At first, he was reluctant to talk about his deteriorating mental health, instead burying these feelings until he finally decided to open up to someone. He ended the anecdote with some advice: To get through mental health struggles, we need to understand why we feel what we feel before we can work through those emotions.
“You’re not alone, and it’s okay. It’s about what you do next.”
And then there’s the aforementioned (decidedly more light-hearted) Taylor Swift story, which he joked that even talking about made him cringe.

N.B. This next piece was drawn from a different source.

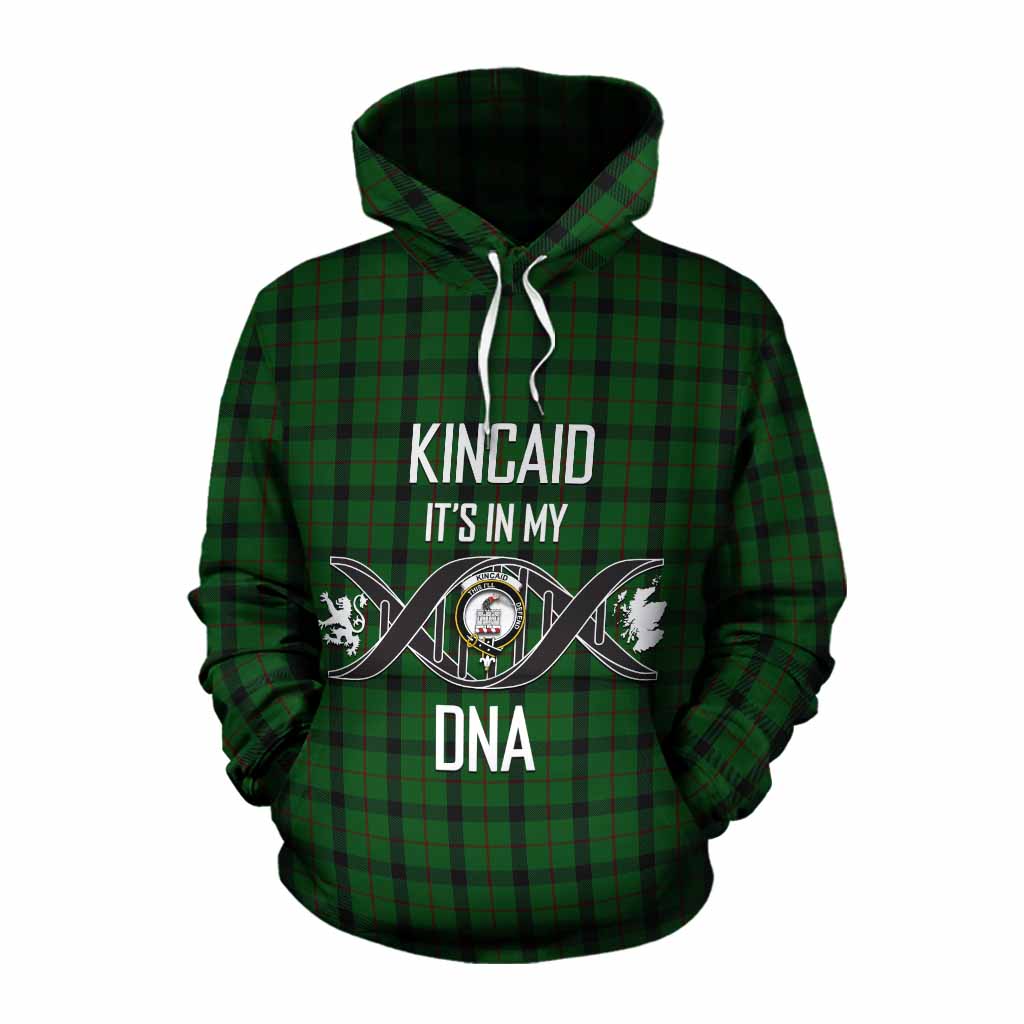 Tartan Vibes Clothing Kincaid Tartan Cotton Hoodie with Family Crest DNA In Me Style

It was 2013, and Prince William was at a fundraising event where Jon Bon Jovi was performing his hit song, “Living On A Prayer.” Suddenly, Swift, who was sitting next to him in the audience, proposed that they join the singer onstage.
“To this day, I still do not know what came over me,” he said. “Frankly, if Taylor Swift looks you in the eye, touches your arm, and says, ‘Come with me…’ I got up like a puppy and went, ‘Yeah, okay, that seems like a great idea. I’ll follow you.”
To the world, it was an adorable moment. To Prince William? A sweaty, stage-fright-inducing nightmare in which he recalled “desperately” trying to remember the words.
“At times, when you’re taken out of your comfort zone, you’ve got to roll with it…It’s okay not to take yourself too seriously.”
Later on in his walk, Prince William reflected on some meaningful moments with his late mother, Princess Diana. He explained how she taught him about the importance of learning about different life experiences – especially those outside the palace walls. When she took him to visit a homeless shelter as a child, he said that hearing the stories of those at the shelter was crucial in opening him up to new perspectives.
“We live in these little echo chambers where you’re only subjected to what you want to be subjected to,” he said. “I think listening is one of our greatest tools, one of our greatest assets to understand each other.”
I was also given a glimpse into a side of Prince William I hadn’t known before: his music taste. He shared three songs that were special to him: Shakira’s “Waka Waka,” a tune that immediately sends his children George, Charlotte and Louis into a fully-fledged dance party; “Thunderstruck” by AC/DC, which he calls “the best tonic for a Monday morning”; and “The Best” by Tina Turner, which reminds him of Princess Diana, as his mom would play the tune to cheer up him and his brother, Prince Harry, when they were bummed about returning to boarding school as children. He fondly recalled sitting in the backseat of a car while everyone sang along to the song – sometimes even the royally-appointed police officer.
“It felt like a real family moment. And my mother, she’d be driving along, singing at the top of her voice,” he remembered. “When I listen to it now, it takes me back to those car rides.”
At the end of the episode, he said he felt as though he had been on a walk with someone close to him, like his best friend or his wife. And that makes sense: the narration is funny, at times deep and ultimately uplifting. It’s an accessible Prince William that we seldom get to see.